Victoria's first social impact bond providers announced

By David Donaldson

April 18, 2017

The Victorian government has announced that the its first issue of two social impact bonds, which will aim to help at-risk youth and the long-term homeless, will be delivered by consortia led by welfare service providers Anglicare and Sacred Heart Mission.

Despite its well-developed not-for-profit welfare sector, Victoria has been somewhat wary of the innovative financing model — also known as a social benefit bond — which first came to Australia with New South Wales’ launch of two programs in 2013.

The Anglicare consortium, which includes VincentCare, proposes a mix of individualised case management, specialist support, and stable housing to improve outcomes for young people leaving out of home care.

Sacred Heart Mission will provide rapid access to stable housing and intensive case management to support Victorians experiencing chronic homelessness and harmful alcohol and other drug use.

These social problems represent a significant cost for government. Around 600-700 people aged 16-18 transition from out-of-home care into independent living each year in Victoria. They face poorer outcomes than other young people, particularly in areas such as unemployment, homelessness and contact with the justice system.

Apart from harming individuals’ life prospects, this social disadvantage is expensive — one study estimated their cost to police per person per year at $7156. For Justice and Correctional Services it’s $6913. There are undoubtedly other costs, direct and otherwise.

Alcohol and other drugs likewise have high direct costs to government — the prison system spends about $300 per prisoner per day on reducing harmful use, for example. For the courts it’s around $2700 per case finalisation. About 4% of all emergency department presentations included alcohol and other drugs as a factor in 2012-13.

The government says it will institute robust measurement and evaluation systems. The Department of Treasury and Finance acknowledges are are a host of difficulties in making SIBs work, such as defining the outcomes on which contracts will be based and making sure they are aligned with genuine progress, needing sufficient baseline data to measure improvements accurately and setting up the control group correctly.

Social impact bonds are seen by their boosters as an important new means of tackling difficult, expensive social problems and introducing innovation into social services.

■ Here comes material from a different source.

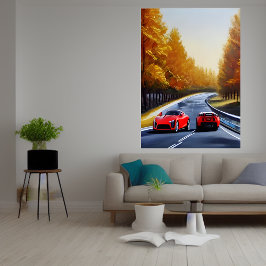 Twee rode sportwagens op de weg | AI Art Poster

The key feature is a commitment by government to paying a third-party provider a fee if it is able to meet social outcome targets at the end of a multi-year period. They have been used most extensively in the United Kingdom, following the first in 2010.

But their detractors, including the Community and Public Sector Union, believe there is no reason why existing public funding models could not be used, arguing that SIBs constitute a form of back-door privatisation.